To handle this kind of disk array, current systems do not take into account the differences between the disks. All disks are treated as if they had same capacity (the smallest one) and performance (the slowest one). This is not the best approach because improvements in both capacity and response time of the heterogeneous array could be achieved if each disk were used accordingly to its characteristics.
In this work, we present a simple solution to this problem by proposing AdaptRaid5, a block-distribution algorithm that improves the performance and effective capacity of heterogeneous disk arrays compared to current solutions. We should note that this proposal has been especially evaluated for scientific and general purpose workloads (understanding as workload the requests that reach the disk controller, after being filtered by the-file system cache) because the multimedia case has already been addressed quite successfully by other research groups [6, 17, 24]. Nevertheless, the proposed algorithm also works well in a multimedia environment.
This paper is divided into 8 Sections.

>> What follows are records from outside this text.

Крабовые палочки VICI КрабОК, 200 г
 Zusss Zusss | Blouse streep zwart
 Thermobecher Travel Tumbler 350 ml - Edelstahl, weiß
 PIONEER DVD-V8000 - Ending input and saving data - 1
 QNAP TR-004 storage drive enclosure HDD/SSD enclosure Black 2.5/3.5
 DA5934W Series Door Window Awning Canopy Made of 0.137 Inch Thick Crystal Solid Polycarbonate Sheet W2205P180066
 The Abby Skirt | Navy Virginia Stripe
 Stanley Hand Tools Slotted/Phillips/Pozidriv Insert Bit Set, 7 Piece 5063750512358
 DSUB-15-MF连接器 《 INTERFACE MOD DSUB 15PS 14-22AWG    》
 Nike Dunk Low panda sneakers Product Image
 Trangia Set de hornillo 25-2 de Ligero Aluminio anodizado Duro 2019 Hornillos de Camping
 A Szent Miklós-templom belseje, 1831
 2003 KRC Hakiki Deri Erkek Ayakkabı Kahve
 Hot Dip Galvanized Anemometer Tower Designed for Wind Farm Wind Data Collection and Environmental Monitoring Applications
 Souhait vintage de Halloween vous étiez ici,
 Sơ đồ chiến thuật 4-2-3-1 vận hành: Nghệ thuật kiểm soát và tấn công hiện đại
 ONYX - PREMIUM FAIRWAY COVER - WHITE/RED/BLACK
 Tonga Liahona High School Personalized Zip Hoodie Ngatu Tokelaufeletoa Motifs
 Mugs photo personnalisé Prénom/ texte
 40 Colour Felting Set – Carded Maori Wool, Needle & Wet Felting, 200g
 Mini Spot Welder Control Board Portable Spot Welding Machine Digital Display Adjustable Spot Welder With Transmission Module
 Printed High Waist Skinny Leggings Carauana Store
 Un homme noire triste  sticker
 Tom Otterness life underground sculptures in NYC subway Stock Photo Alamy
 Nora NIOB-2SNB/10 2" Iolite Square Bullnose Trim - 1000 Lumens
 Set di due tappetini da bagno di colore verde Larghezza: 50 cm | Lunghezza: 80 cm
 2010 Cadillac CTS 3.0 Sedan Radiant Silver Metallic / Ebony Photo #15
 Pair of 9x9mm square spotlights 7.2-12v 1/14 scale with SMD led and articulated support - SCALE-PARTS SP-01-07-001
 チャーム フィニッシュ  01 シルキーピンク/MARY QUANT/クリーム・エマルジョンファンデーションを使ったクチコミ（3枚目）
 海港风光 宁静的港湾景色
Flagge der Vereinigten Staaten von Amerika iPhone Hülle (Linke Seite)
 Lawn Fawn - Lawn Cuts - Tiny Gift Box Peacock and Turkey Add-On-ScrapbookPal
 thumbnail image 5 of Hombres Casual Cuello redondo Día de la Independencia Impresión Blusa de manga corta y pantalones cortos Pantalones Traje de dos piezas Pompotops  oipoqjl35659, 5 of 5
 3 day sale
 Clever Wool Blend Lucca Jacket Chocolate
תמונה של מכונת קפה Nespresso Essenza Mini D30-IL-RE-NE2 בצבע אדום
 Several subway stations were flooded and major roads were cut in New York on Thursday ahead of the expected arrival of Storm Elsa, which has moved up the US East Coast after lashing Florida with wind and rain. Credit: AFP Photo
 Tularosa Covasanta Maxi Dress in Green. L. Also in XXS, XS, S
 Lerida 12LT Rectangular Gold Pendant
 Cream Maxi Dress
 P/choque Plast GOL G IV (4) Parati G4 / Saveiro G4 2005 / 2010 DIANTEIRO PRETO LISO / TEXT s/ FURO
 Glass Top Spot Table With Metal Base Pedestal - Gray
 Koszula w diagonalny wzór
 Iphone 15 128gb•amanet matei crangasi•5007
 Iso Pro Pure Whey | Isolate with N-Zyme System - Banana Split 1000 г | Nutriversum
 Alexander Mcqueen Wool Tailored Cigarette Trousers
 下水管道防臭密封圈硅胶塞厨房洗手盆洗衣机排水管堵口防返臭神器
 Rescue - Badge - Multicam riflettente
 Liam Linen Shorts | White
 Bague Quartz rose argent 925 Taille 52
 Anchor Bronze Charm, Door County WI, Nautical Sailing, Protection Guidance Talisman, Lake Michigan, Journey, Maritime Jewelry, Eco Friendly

Section 2 presents the most relevant work in the area of heterogeneous disk arrays. Section 3 introduces the reader to some important concepts that need to be clarified before describing the algorithm, which is explained in full detail in Section 4. Section 5 presents the methodology used to obtain the results presented in Section 6. Section 7 presents the future work we plan to do in this field. Finally, Sections 8 and 9 present the conclusions that can be extracted from this work and how to get more information about this work.